Démantèlement du bidonville de San Ferdinando en Calabre dans le sud de l'Italie, le 6 mars 2019. Crédit : Ansa
Démantèlement du bidonville de San Ferdinando en Calabre dans le sud de l'Italie, le 6 mars 2019. Crédit : Ansa

Les évacuations et démantèlements de campements se multiplient en Italie depuis quelques mois sans que les migrants aient de solution de relogement pour la plupart. La semaine dernière, 1 600 personnes ont été délogées d’un camp insalubre en Calabre. Plus de 900 d’entre elles se trouvent actuellement à quelques mètres de l’ancien bidonville dans un autre camp désormais surpeuplé.

Les observateurs locaux la surnomment déjà “la journée des bulldozers” : le 6 mars dernier, les autorités italiennes démantelaient le bidonville de San Ferdinando, en Calabre, dans l’extrême sud de l’Italie. Ce jour-là, près de 1 600 migrants sont délogés devant les caméras de télévision par quelque 600 policiers dépêchés sur place.

Régulièrement détruit par les autorités depuis des années, ce camp insalubre se reforme à chaque fois, accueillant des migrants dans une extrême précarité. Beaucoup d'entre eux ont un travail saisonnier, parfois au noir, dans les nombreuses exploitations agricoles de la région. Sans aucune autre solution d’hébergement et bien souvent sous-payés, c’est donc dans des baraquements de fortune que des centaines d’hommes, de femmes et d’enfants ont élu domicile.

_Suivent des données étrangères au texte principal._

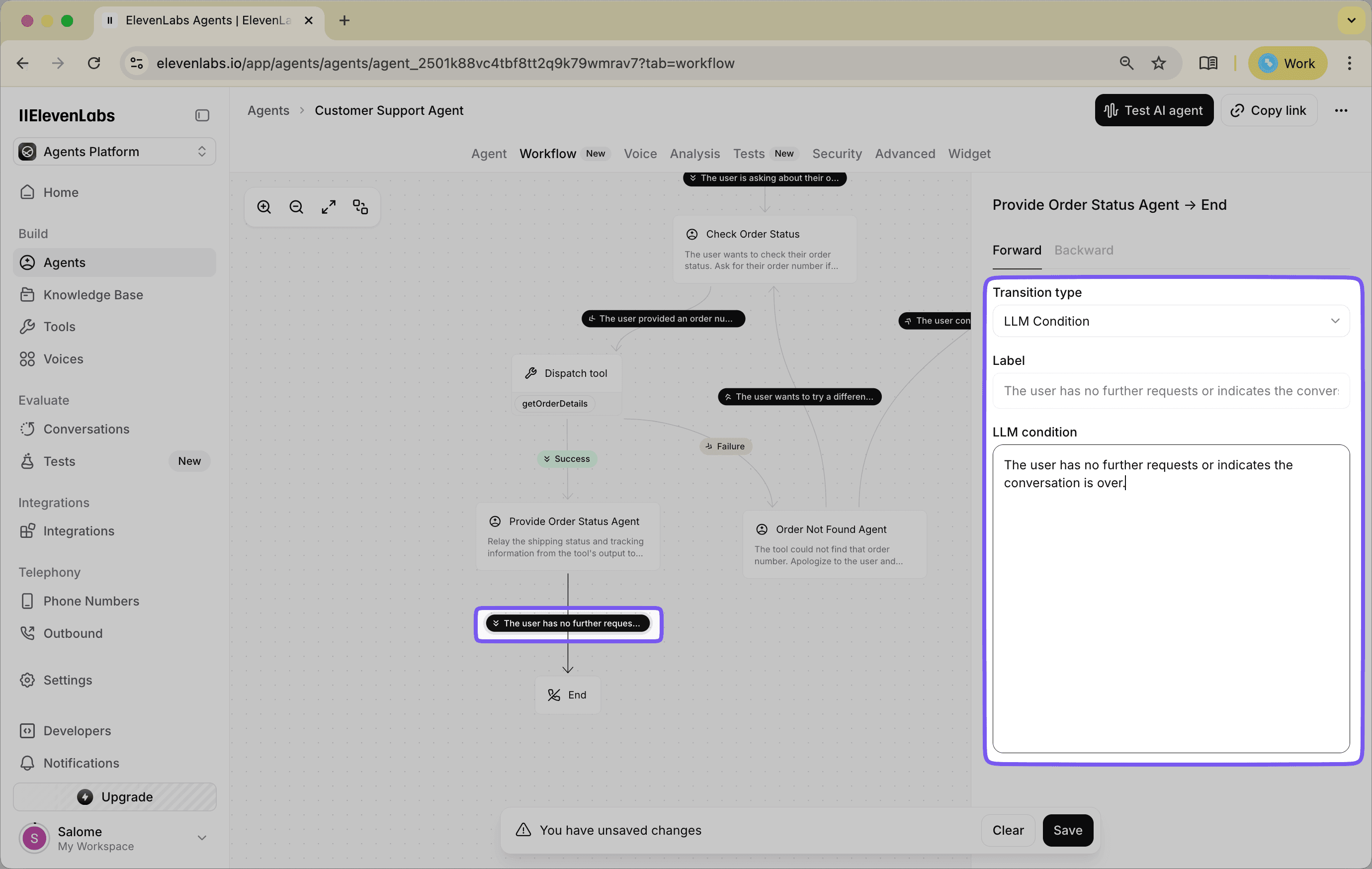 LLM Condition configuration for the successful conversation endpoint.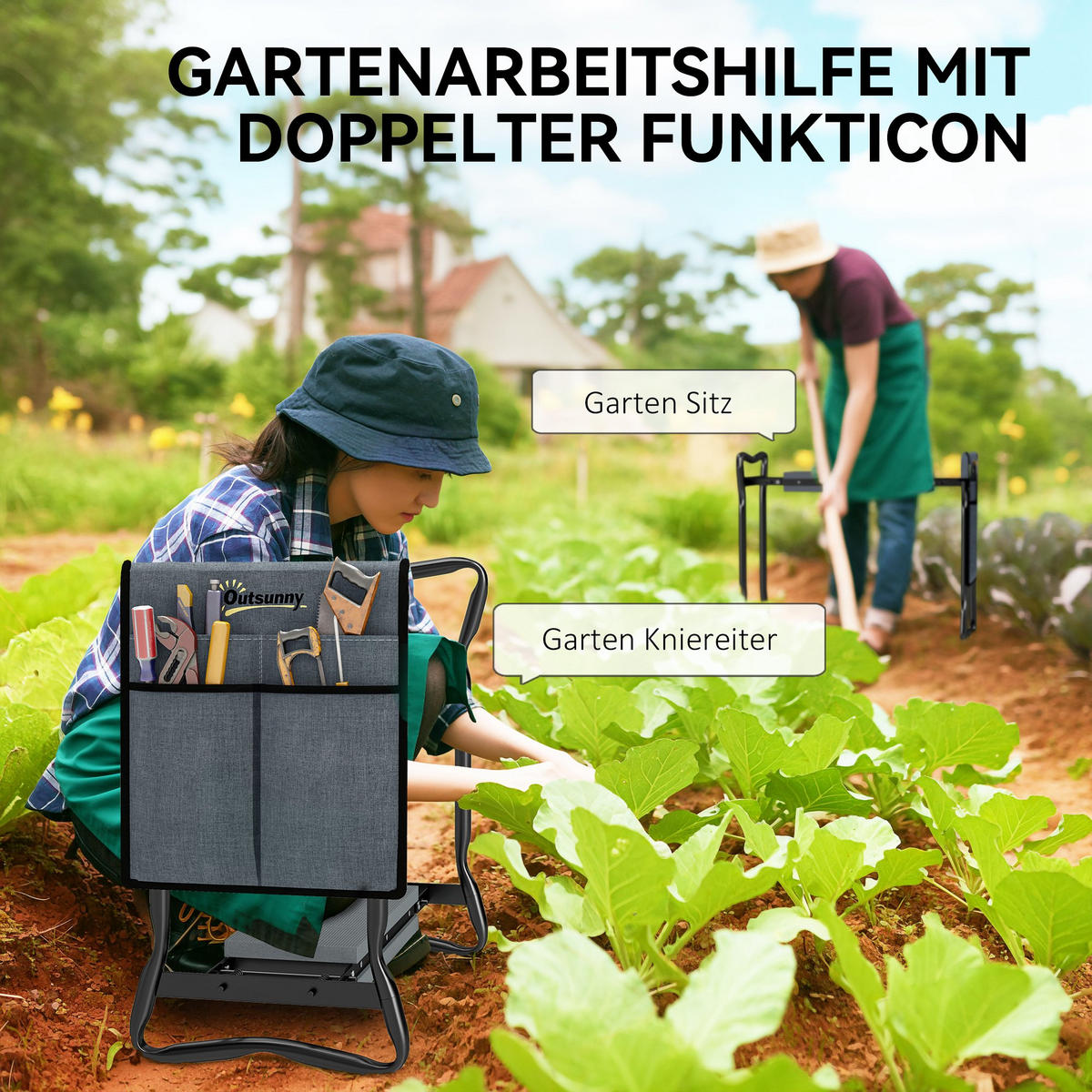 KNIEBANK für Gartenarbeit klappbar Gartenhocker mit Kniekissen Werkzeugtasche - Grau, Metall (28/49/58cm) - Outsunny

Lors du démantèlement, plusieurs se sont vus offrir une place d’hébergement, mais beaucoup sont restés sur le carreau, certains passant même la nuit aux côtés des bulldozers en attendant de trouver une solution.

Une semaine plus tard, le terrain est désormais totalement désert et les derniers baraquements ont été réduits à néant. “Nous avions 1 592 migrants [la veille du démantèlement]”, indique le préfet de Calabre, Michele Di Bari, dévoilant les chiffres de l’opération. “Environ 200 personnes ont été transférées vers des centres d’hébergement, 460 sont parties spontanément et 932 se trouvent dans le village de tentes à proximité”. 

Suleyman* fait partie de ce dernier groupe. “Ce démantèlement ne change rien, la plupart d’entre nous sommes partis à quelques mètres du bidonville”, confirme ce Soudanais, joint par InfoMigrants.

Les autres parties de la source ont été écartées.